- Episode no.: Season 2 Episode 11
- Directed by: Tom Cherones
- Written by: Larry David & Jerry Seinfeld
- Production code: 206
- Original air date: May 23, 1991

Guest appearances
- James Hong as the maître d'hôtel; David Tress as Mr. Cohen; Judy Kain as Lorraine Catalano; Michael Mitz as man on phone;

Episode chronology
| ← Previous "The Baby Shower" | Next → "The Busboy" |
- Seinfeld season 2

= The Chinese Restaurant =

"The Chinese Restaurant" is the 11th episode of the second season of the American sitcom Seinfeld, and the 16th episode overall. Originally aired on NBC on May 23, 1991, the episode is set entirely within a Chinese restaurant as Jerry (Jerry Seinfeld), Elaine (Julia Louis-Dreyfus), and George (Jason Alexander) wait for a table. George struggles to call his girlfriend, Elaine resorts to increasingly desperate stunts to sate her hunger, and Jerry's lies to get out of dinner with his uncle come back to bite him. They are all thwarted by the maître d' (James Hong) at every turn.

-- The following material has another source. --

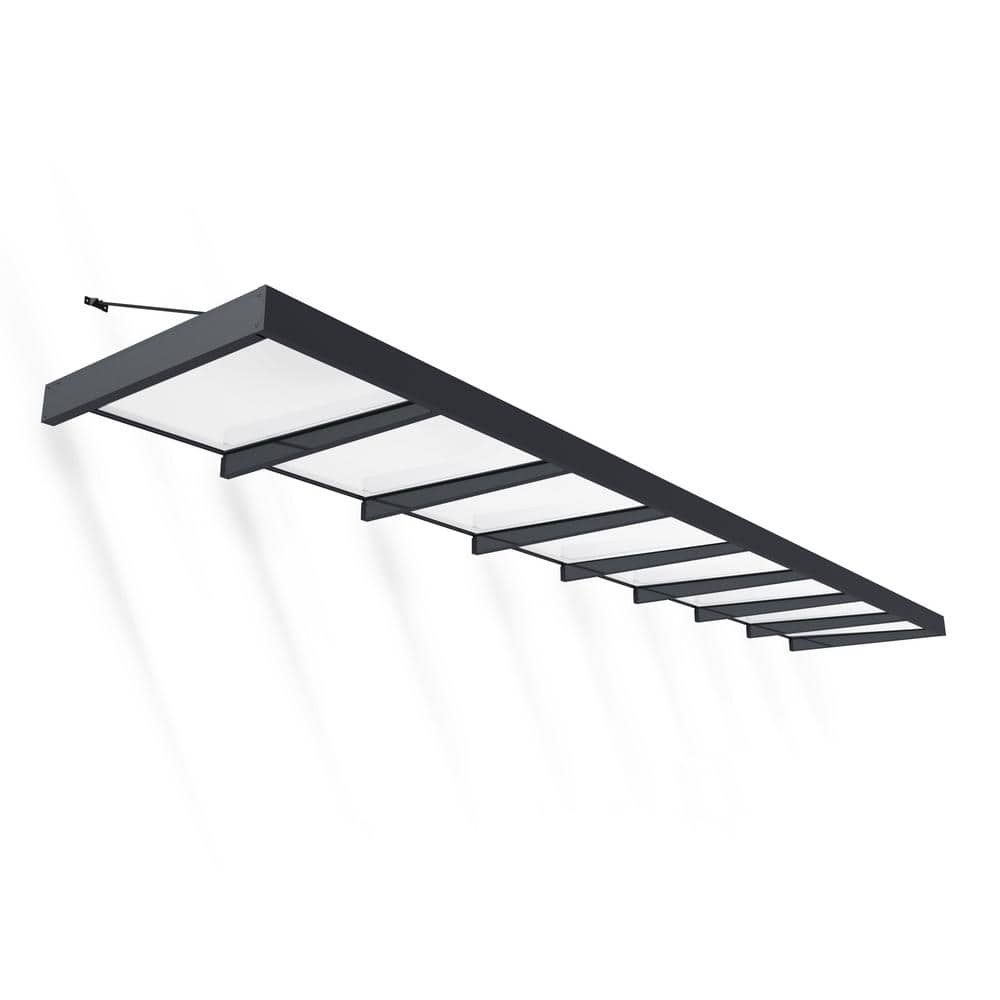 Sophia XL Gray Aluminum and Acrylic Door Awning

Co-written by the series' creators Seinfeld and head writer Larry David and directed by Tom Cherones, the episode is set in real time, without any scene breaks. It is the first of two episodes in which Jerry's neighbor Kramer (Michael Richards) does not appear (the other being "The Pen"). It is considered a "bottle episode", and NBC executives objected to its production and broadcast due to its lack of an involved storyline, thinking that audiences would be uninterested. It was not until David threatened to quit if NBC forced any major changes upon the script that NBC allowed the episode to be produced, though NBC postponed broadcast to near the end of season two. Jason Alexander later said, "They thought this was a betrayal. They thought this was just sacrilege," adding, "To me, it was the defining beginning of the anarchy of Seinfeld."

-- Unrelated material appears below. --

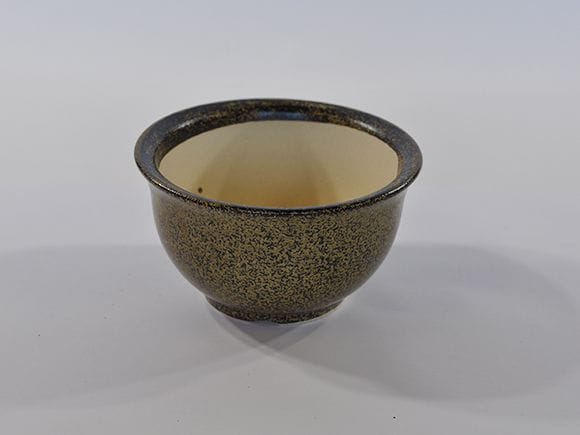 金そばおわん型【5号】【山野草鉢】【信楽焼】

Television critics reacted positively to "The Chinese Restaurant", widely considering it one of the show's "classic episodes". In 1998, a South Florida Sun-Sentinel critic wrote that the episode, along with season four's "The Contest", "broke new sitcom ground".

==Plot==
Jerry, George, and Elaine go to a Chinese restaurant for dinner before a movie. They ask for a table for four, including George's girlfriend Tatiana, and the maître d'hôtel gives them a 5-10 minute wait time. Jerry is so eager to make a one-night-only showing of Plan 9 from Outer Space that he lied to get out of dinner with his uncle. Elaine is starving as she waits; George needs a payphone to call Tatiana; and Jerry recognizes a woman at a table, but cannot remember where from.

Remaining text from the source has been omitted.